**Assignment**
Please reproduce all of the data exactly as it appears, but skip the pictures.

**Supplied material**
*** Block opens ***
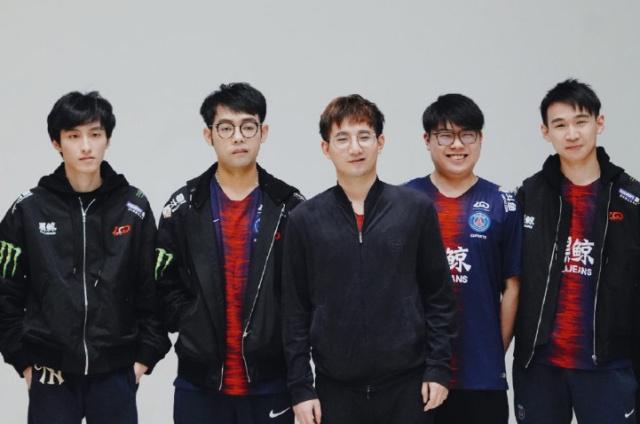 反观深圳队 反观深圳队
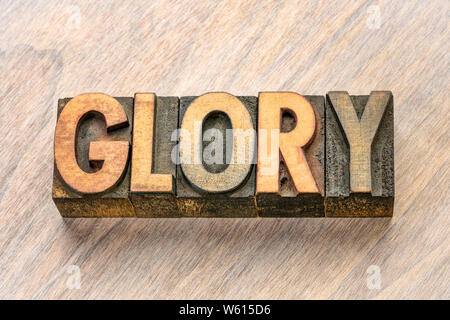 Herrlichkeit Wort in Vintage buchdruck Holz Art Abstract Stockfoto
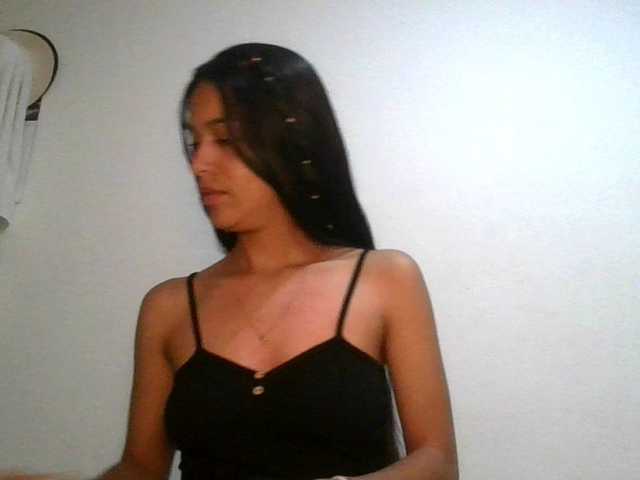 JuanaBrunette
*** Block closes ***
**Answer to this task**
 反观深圳队 反观深圳队
 Herrlichkeit Wort in Vintage buchdruck Holz Art Abstract Stockfoto
 JuanaBrunette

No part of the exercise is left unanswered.